Further, in the present embodiment, the rotation phase of the charging nozzle 9 need not be fixed at a specific phase when being connected with the receptacle 23. Therefore, a mechanism for adjusting the rotation phase of the charging nozzle 9 at a specific phase need not be provided. Therefore, the structure of the charging nozzle 9 and the receptacle 23 can be simplified, compared with a structure including such a mechanism for adjusting the rotation phase. Thus, a manufacturing cost of the infrared communication system can be reduced.
In addition, in a case where such a mechanism is provided to fix the rotation phase of the charging nozzle 9 at a specific phase when being connected with the receptacle 23, each of the receptacle 23 and the charging nozzle 9 need to conform to a specific standard.

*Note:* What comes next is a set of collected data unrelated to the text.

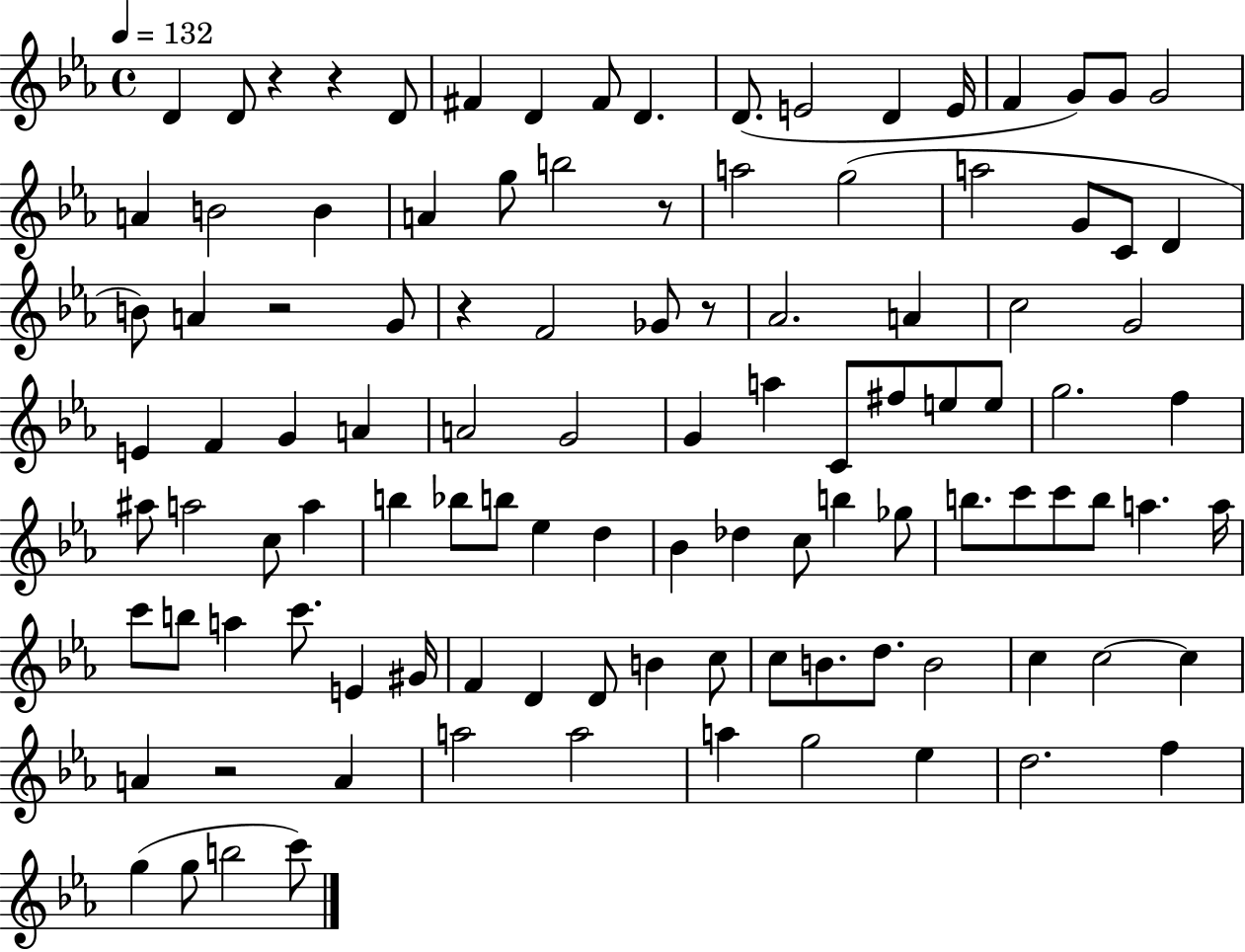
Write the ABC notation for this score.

X:1
T:Untitled
M:4/4
L:1/4
K:Eb
D D/2 z z D/2 ^F D ^F/2 D D/2 E2 D E/4 F G/2 G/2 G2 A B2 B A g/2 b2 z/2 a2 g2 a2 G/2 C/2 D B/2 A z2 G/2 z F2 _G/2 z/2 _A2 A c2 G2 E F G A A2 G2 G a C/2 ^f/2 e/2 e/2 g2 f ^a/2 a2 c/2 a b _b/2 b/2 _e d _B _d c/2 b _g/2 b/2 c'/2 c'/2 b/2 a a/4 c'/2 b/2 a c'/2 E ^G/4 F D D/2 B c/2 c/2 B/2 d/2 B2 c c2 c A z2 A a2 a2 a g2 _e d2 f g g/2 b2 c'/2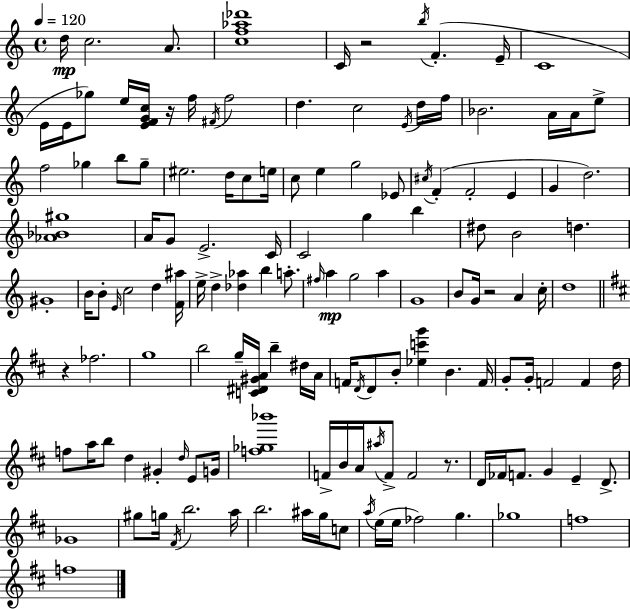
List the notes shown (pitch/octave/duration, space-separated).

D5/s C5/h. A4/e. [C5,F5,Ab5,Db6]/w C4/s R/h B5/s F4/q. E4/s C4/w E4/s E4/s Gb5/e E5/s [E4,F4,G4,C5]/s R/s F5/s F#4/s F5/h D5/q. C5/h E4/s D5/s F5/s Bb4/h. A4/s A4/s E5/e F5/h Gb5/q B5/e Gb5/e EIS5/h. D5/s C5/e E5/s C5/e E5/q G5/h Eb4/e C#5/s F4/q F4/h E4/q G4/q D5/h. [Ab4,Bb4,G#5]/w A4/s G4/e E4/h. C4/s C4/h G5/q B5/q D#5/e B4/h D5/q. G#4/w B4/s B4/e E4/s C5/h D5/q [F4,A#5]/s E5/s D5/q [Db5,Ab5]/q B5/q A5/e. F#5/s A5/q G5/h A5/q G4/w B4/e G4/s R/h A4/q C5/s D5/w R/q FES5/h. G5/w B5/h G5/s [C4,D#4,G#4,A4]/s B5/q D#5/s A4/s F4/s D4/s D4/e B4/e [Eb5,C6,G6]/q B4/q. F4/s G4/e G4/s F4/h F4/q D5/s F5/e A5/s B5/e D5/q G#4/q D5/s E4/e G4/s [F5,Gb5,Bb6]/w F4/s B4/s A4/s A#5/s F4/e F4/h R/e. D4/s FES4/s F4/e. G4/q E4/q D4/e. Gb4/w G#5/e G5/s F#4/s B5/h. A5/s B5/h. A#5/s G5/s C5/e A5/s E5/s E5/s FES5/h G5/q. Gb5/w F5/w F5/w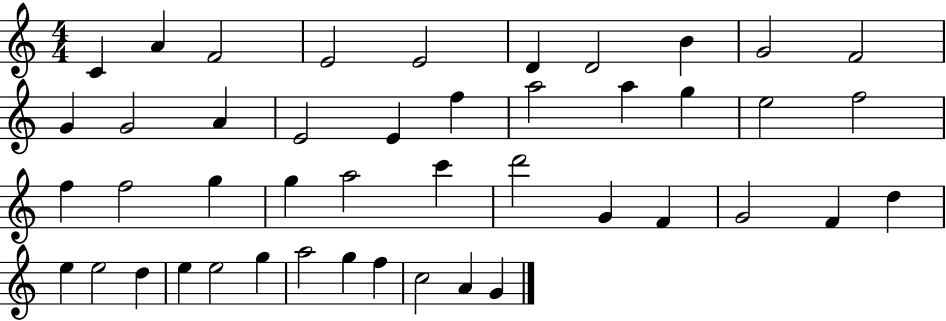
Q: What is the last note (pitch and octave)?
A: G4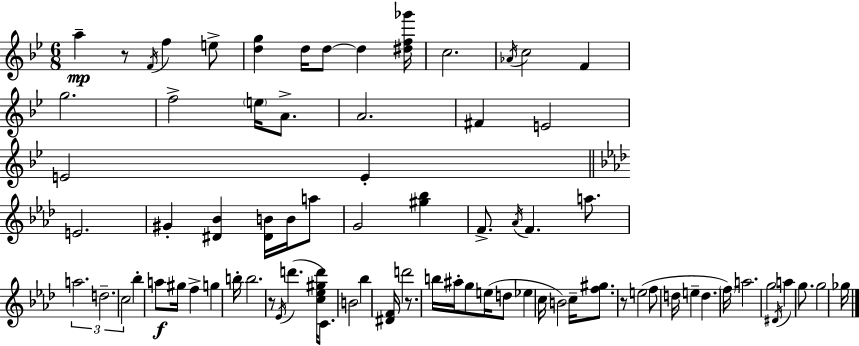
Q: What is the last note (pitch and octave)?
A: Gb5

When a standard, which the receptacle 23 conforms, is different from a standard, which the charging nozzle 9 conforms, the charging nozzle 9 cannot be connected to the receptacle 23. On the contrary, according to the present embodiment, the rotation phase of the charging nozzle 9 need not be adjusted at a specific phase when connecting with the receptacle 23. Therefore, such a problem of connection can be avoided.
As shown in
Summarizing the above embodiments, the infrared communication system is configured to perform an infrared communication between a movable object having a connection port and a supply facility for supplying fluid to the movable object through a feed pipe connectable with the connection port. The movable object includes a movable-object-side infrared communication device. The supply facility includes a supply-facility-side infrared communication device at the feed pipe. The supply-facility-side infrared communication device is located in a position in the feed pipe such that the supply-facility-side infrared communication device is communicable with the movable-object-side infrared communication device via an infrared communication when the feed pipe is connected to the connection port. Specifically, for example, the supply-facility-side infrared communication device is located in a position where an optic axis of the movable-object-side infrared communication device substantially coincides with an optic axis of the supply-facility-side infrared communication device when the feed pipe is connected to the connection port.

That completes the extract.